2カ年で基礎調査 盛土規制法の規制区域指定へ(栃木県住宅課)
[2023/6/9 栃木版]
2021年に静岡県熱海市で発生した土石流災害を受け、宅地造成等規制法が抜本的に見直され、宅地造成及び特定盛土等規制法として5月26日に施行された。この改正により、経過期間となる25年5月25日までに新たに「宅地造成等工事規制区域」と「特定盛土等規制区域」を指定し、その区域では盛土や切土、土石の堆積に関する工事で、規模により許可手続きが必要になる。県は区域指定に向けた基礎調査を、このほどパスコ(本社・東京都)に5000万円で委託。中核市の宇都宮市を除く県全域を対象に2カ年で基礎調査を実施して、規制区域の指定に向けた検討を行う。
基礎調査では、盛土等の災害リスクがあるエリアをできる限り広く規制区域に指定することが重要になることから、人命を守るため必要十分なエリアが規制区域に指定されるよう留意する。想定する災害は、主に地震や降雨による盛土等の表層崩壊や大規模崩壊、または盛土等の崩落で流出した土砂が土石流化する現象を想定する。
規制区域の考え方として、「宅地造成等工事規制区域」は都市計画区域(市街化区域や市街化調整区域)、または集落の区域などに該当する区域、「特定盛土等規制区域」はそれ以外の区域で土砂や土石流の流失により宅地造成等工事規制区域に影響を及ぼすと想定される区域の中から、盛土等に伴う災害が発生することがあり得ない区域を除いて設定する。

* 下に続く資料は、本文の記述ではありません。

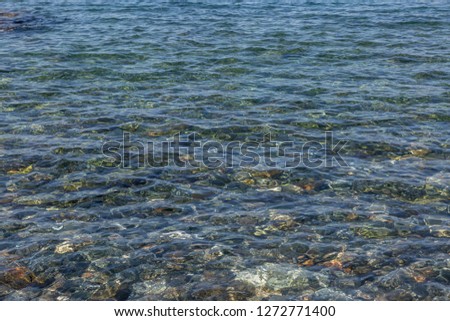 Sea water background, crystalline and transparent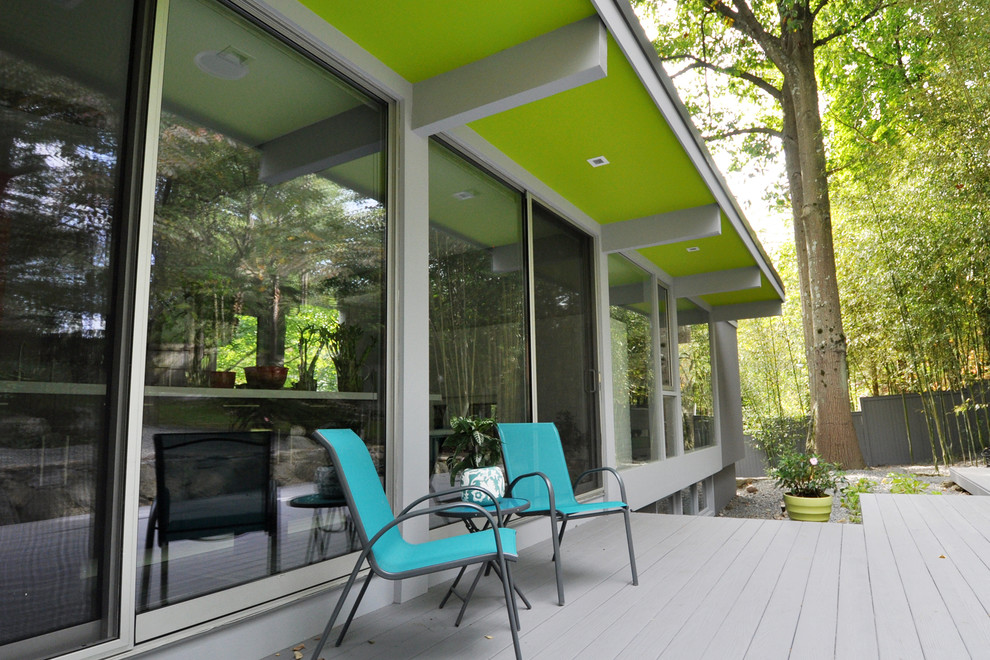 Inspiration for a large modern back veranda in New York with decking and a roof extension.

調査の手順は、「宅地造成等工事規制区域」が市街地・集落およびこれに隣接・近接する区域、「特定盛土等規制区域」はそれ以外で盛土等の流出により居住者に危害を生ずる恐れが特に大きいと求められる区域を抽出する。この中から盛土等に伴う災害が発生し得ない区域を除外して、各規制区域の候補区域を設定する。
基礎調査を実施した後は、関係市町村長に結果を通知するほか、規制区域の候補区域の範囲を図面で公表する。公表後は速やかに規制区域の指定の手続きを進め、指定後は概ね5年ごとに土地利用状況を確認して、規制区域の見直しなどの必要性を検討する。

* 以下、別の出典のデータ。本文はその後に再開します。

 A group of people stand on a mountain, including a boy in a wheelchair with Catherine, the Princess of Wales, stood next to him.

今回の法律改正の主な内容は、「スキマのない規制」となるよう都道府県知事等が土地の用途にかかわらず、盛土で人家等に被害を及ぼしうる区域を規制区域として指定する。許可の対象は、農地・森林の造成や土石の一時的な堆積も含めて、規制区域内で行う盛土などとする。
また「盛土等の安全性の確保」のため、エリアの地形・地質等に応じて災害防止のために必要な許可基準を設定する。許可基準に沿って安全対策が行われているか確認するため、施工状況の定期報告、施工中の中間検査、および工事完了時の完了検査を実施する。
「責任の所在の明確化」では、盛土等が行われた土地について土地所有者等が安全な状態に維持する責務を有することを明確化。災害防止のため必要なときは、土地所有者等だけでなく原因行為者に対しても是正措置等を命令できることとする。
さらに「実効性のある罰則の措置」として、罰則が抑止力として十分機能するよう、無許可行為や命令違反等に対する罰則について、条例による罰則の上限より高い水準(最大で懲役3年以下・罰金1000万円以下・法人重科3億円以下)に強化した。
なお、盛土規制法に基づく規制区域が指定されるまで2カ年の経過措置期間は、旧法で指定されている宅地造成工事規制区域内の工事等の規制が引き続き適用される。旧法で規制区域が指定されている自治体は宇都宮市、足利市、鹿沼市で、この3市の規制区域内で宅地造成に関する工事を行う場合は各市に相談する。また中核市の宇都宮市でも、独自に新たな規制区域の設定に向けた基礎調査を本年度から実施する。